1. I’m ready for my fifteen minutes of fame now.

2. The culture wars: comic style.

3. Laura and Jenna Bush held a discussion of the children’s book they collaborated on, Read All About It!

4. I remember being thoroughly engrossed with and creeped out by Daphne du Maurier’s Rebecca when I read it in high school, then having the same reaction to Hitchcock’s film version when I saw it a few years later, so the story behind how du Maurier wrote the book is an interesting one.

5. New York whittles down the Observer‘s Brooklyn Literary 100 to 1. (Well, also 50, 25, 10 and 5.)

6. We Are Ready is a campaign by international authors to have China release imprisoned authors, and will present the Chinese government with a petition on May 1.

7. Tell me what you want, what you really really want: Chick Lit!

8. The headline: Young writers embrace the thought process. What a relief that old authors aren’t the only ones who think.

4 Responses

  1. Enjoyed the Daphne du Maurier
    Enjoyed the Daphne du Maurier article.

    Also, I see in the excerpt from David Hajdu’s The Ten-Cent Plague that artist Janice Valleau Winkleman lives only a few miles from me. Cool!
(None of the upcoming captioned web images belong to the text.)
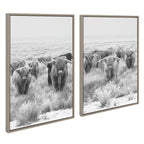 Sylvie Herd of Highland Cows Framed Canvas by The Creative Bunch Studio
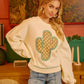 BiBi Cactus Embroidered Fleece Sweatshirt - DAVERRI FASHIONS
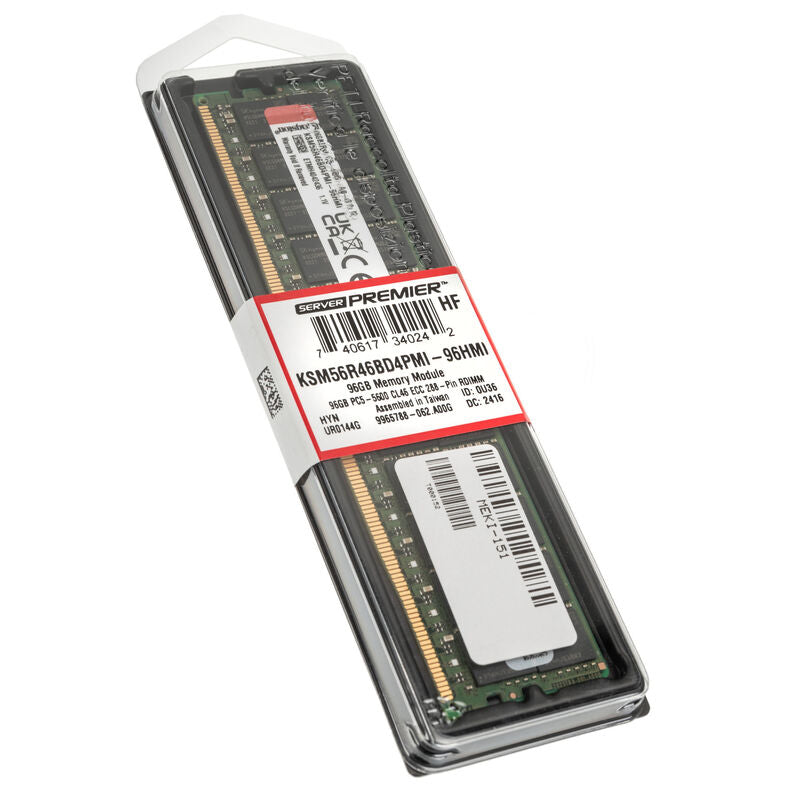 Kingston Server Premier DDR5-5600 CL46 RDIMM ECC RAM 96 GB montert i server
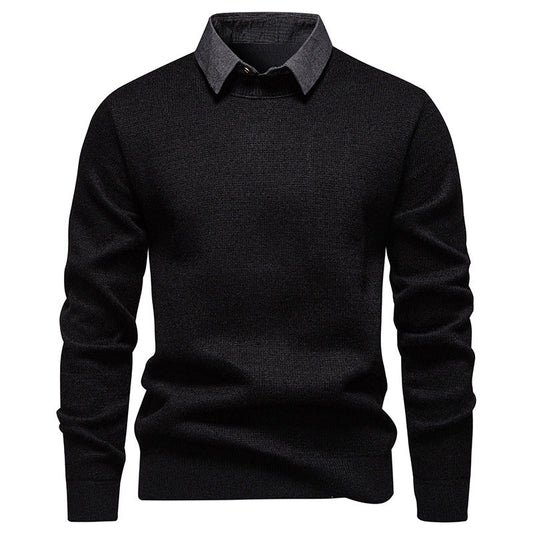 Men's Fine Knit Sweater with Modern Collar & Elegant Design | Wearclo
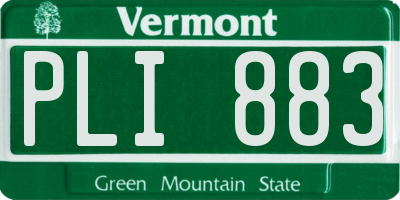 VT license plate PLI883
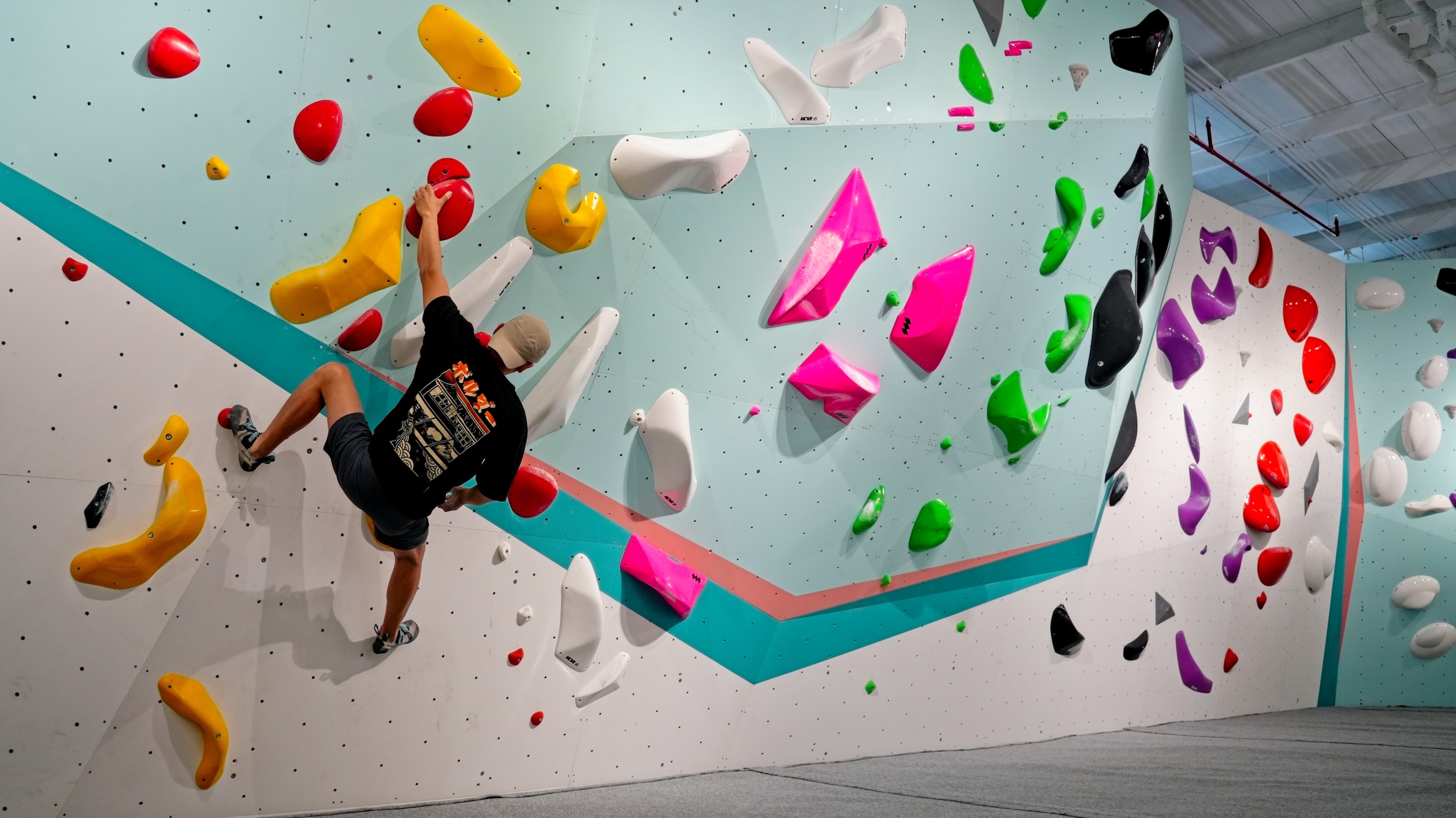 GoClimb climber on Wahsh wall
  2. What’s wrong with Chick
    What’s wrong with Chick lit?


    I once asked a female colleague if X book was “chick lit.” She became offended. “Is every book written by a woman ‘chick lit?'” I answered no (of course), and explained that I have no clear understanding of what “chick lit” is supposed to be – and certainly had no idea it was a disparaging categorization. I mean, I don’t like Candace Bushnell but her books are (1) readable, (2) decently written and (3) popular – these are the things I think most writers are shooting for, and assumed it meant that “chick lit” was a viable, perhaps even venerable, genre.

    Setting aside the argument that “chick” is a derogatory term for a woman (I accept that it is, but also note it is far less charged than say “bitch lit”) – and also setting aside that “lit” is a diminutive which suggests a certain non-seriousness to the literature in question (but again, a commonly-used abbreviation among us lit types) – What is actually wrong with calling something “chick lit?”

  3. My comments are in response
    My comments are in response to the quote below:
    1. No one has time to sit around reading whatever they want if they have a full time job. Even if they are a writer, they must grind out the daily dose.
    2. Literature is alive and thrives via hip-hop!!!
    From #8: Leading a contemplative literary life isn’t dead even in these hectic times. Just ask Nathaniel Rich, left, Keith Gessen and Ed Park.”When people think about the golden age of the novel in the 19th century, literacy rates were absurdly low. There wasn’t electricity to read by: People weren’t just sitting around reading all day then either.”
    Gressen’s war against mediocrity and for seriousness in writing and thought, he insists, does not require living in the past.”These are people who were raised on print culture, everything they know they know from print culture, who now say, ‘Those values are dead. You and I,’ they say, ‘believe in them, but those people out there do not.’ And I’m telling you, they do! There are a lot of people who believe in this stuff, and they don’t think it’s a joke. They don’t think the only way literature can survive is as this whimsical plaything of the upper class, which is frankly what McSweeney’s is doing.”

  4. Jamelah, when I first read
    Jamelah, when I first read your April 24th post, I was at work, where our PC’s block out a lot of stuff with pictures, so I couldn’t see your # 1 entry about getting published in Phoenix!

    I’m not surprised someone wanted to publish you as I always enjoy the things you write.